Extracted data entries
▽
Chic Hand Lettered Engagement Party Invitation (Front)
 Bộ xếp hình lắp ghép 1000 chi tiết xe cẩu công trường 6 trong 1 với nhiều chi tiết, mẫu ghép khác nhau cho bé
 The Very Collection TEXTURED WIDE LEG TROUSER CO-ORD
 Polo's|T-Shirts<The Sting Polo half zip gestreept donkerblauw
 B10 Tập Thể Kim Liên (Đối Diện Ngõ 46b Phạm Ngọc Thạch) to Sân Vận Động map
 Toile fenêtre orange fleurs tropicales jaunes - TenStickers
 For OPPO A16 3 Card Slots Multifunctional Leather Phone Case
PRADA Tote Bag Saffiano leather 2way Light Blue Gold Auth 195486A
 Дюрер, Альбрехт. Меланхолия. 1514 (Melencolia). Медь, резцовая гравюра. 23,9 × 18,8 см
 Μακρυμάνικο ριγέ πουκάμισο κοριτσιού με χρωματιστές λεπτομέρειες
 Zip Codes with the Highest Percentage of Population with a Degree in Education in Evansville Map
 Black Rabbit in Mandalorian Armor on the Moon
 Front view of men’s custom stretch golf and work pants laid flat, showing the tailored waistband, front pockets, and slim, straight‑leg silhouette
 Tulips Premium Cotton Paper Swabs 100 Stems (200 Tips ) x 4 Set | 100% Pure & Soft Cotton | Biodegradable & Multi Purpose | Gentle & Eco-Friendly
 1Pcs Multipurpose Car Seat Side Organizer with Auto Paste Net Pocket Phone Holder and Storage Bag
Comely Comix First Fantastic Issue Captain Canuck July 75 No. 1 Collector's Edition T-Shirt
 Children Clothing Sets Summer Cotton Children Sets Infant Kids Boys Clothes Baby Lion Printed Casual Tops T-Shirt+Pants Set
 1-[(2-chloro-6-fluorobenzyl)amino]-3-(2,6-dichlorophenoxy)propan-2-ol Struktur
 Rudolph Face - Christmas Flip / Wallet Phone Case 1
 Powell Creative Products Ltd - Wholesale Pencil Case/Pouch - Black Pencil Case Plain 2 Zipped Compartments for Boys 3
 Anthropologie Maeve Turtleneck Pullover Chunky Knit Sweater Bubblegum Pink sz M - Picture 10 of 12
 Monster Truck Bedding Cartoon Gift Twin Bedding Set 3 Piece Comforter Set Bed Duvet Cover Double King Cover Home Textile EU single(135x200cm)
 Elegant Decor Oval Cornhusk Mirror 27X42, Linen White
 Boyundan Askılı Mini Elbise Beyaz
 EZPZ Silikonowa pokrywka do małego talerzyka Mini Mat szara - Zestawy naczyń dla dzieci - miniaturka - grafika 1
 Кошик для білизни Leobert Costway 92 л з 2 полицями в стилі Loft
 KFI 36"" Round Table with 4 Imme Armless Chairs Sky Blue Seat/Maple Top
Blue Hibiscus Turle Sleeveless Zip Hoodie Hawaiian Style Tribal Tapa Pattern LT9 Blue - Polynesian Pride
△
__Assignment__
Give the data again in full, keeping every line as it was.

__Task response__
Chic Hand Lettered Engagement Party Invitation (Front)
 Bộ xếp hình lắp ghép 1000 chi tiết xe cẩu công trường 6 trong 1 với nhiều chi tiết, mẫu ghép khác nhau cho bé
 The Very Collection TEXTURED WIDE LEG TROUSER CO-ORD
 Polo's|T-Shirts<The Sting Polo half zip gestreept donkerblauw
 B10 Tập Thể Kim Liên (Đối Diện Ngõ 46b Phạm Ngọc Thạch) to Sân Vận Động map
 Toile fenêtre orange fleurs tropicales jaunes - TenStickers
 For OPPO A16 3 Card Slots Multifunctional Leather Phone Case
PRADA Tote Bag Saffiano leather 2way Light Blue Gold Auth 195486A
 Дюрер, Альбрехт. Меланхолия. 1514 (Melencolia). Медь, резцовая гравюра. 23,9 × 18,8 см
 Μακρυμάνικο ριγέ πουκάμισο κοριτσιού με χρωματιστές λεπτομέρειες
 Zip Codes with the Highest Percentage of Population with a Degree in Education in Evansville Map
 Black Rabbit in Mandalorian Armor on the Moon
 Front view of men’s custom stretch golf and work pants laid flat, showing the tailored waistband, front pockets, and slim, straight‑leg silhouette
 Tulips Premium Cotton Paper Swabs 100 Stems (200 Tips ) x 4 Set | 100% Pure & Soft Cotton | Biodegradable & Multi Purpose | Gentle & Eco-Friendly
 1Pcs Multipurpose Car Seat Side Organizer with Auto Paste Net Pocket Phone Holder and Storage Bag
Comely Comix First Fantastic Issue Captain Canuck July 75 No. 1 Collector's Edition T-Shirt
 Children Clothing Sets Summer Cotton Children Sets Infant Kids Boys Clothes Baby Lion Printed Casual Tops T-Shirt+Pants Set
 1-[(2-chloro-6-fluorobenzyl)amino]-3-(2,6-dichlorophenoxy)propan-2-ol Struktur
 Rudolph Face - Christmas Flip / Wallet Phone Case 1
 Powell Creative Products Ltd - Wholesale Pencil Case/Pouch - Black Pencil Case Plain 2 Zipped Compartments for Boys 3
 Anthropologie Maeve Turtleneck Pullover Chunky Knit Sweater Bubblegum Pink sz M - Picture 10 of 12
 Monster Truck Bedding Cartoon Gift Twin Bedding Set 3 Piece Comforter Set Bed Duvet Cover Double King Cover Home Textile EU single(135x200cm)
 Elegant Decor Oval Cornhusk Mirror 27X42, Linen White
 Boyundan Askılı Mini Elbise Beyaz
 EZPZ Silikonowa pokrywka do małego talerzyka Mini Mat szara - Zestawy naczyń dla dzieci - miniaturka - grafika 1
 Кошик для білизни Leobert Costway 92 л з 2 полицями в стилі Loft
 KFI 36"" Round Table with 4 Imme Armless Chairs Sky Blue Seat/Maple Top
Blue Hibiscus Turle Sleeveless Zip Hoodie Hawaiian Style Tribal Tapa Pattern LT9 Blue - Polynesian Pride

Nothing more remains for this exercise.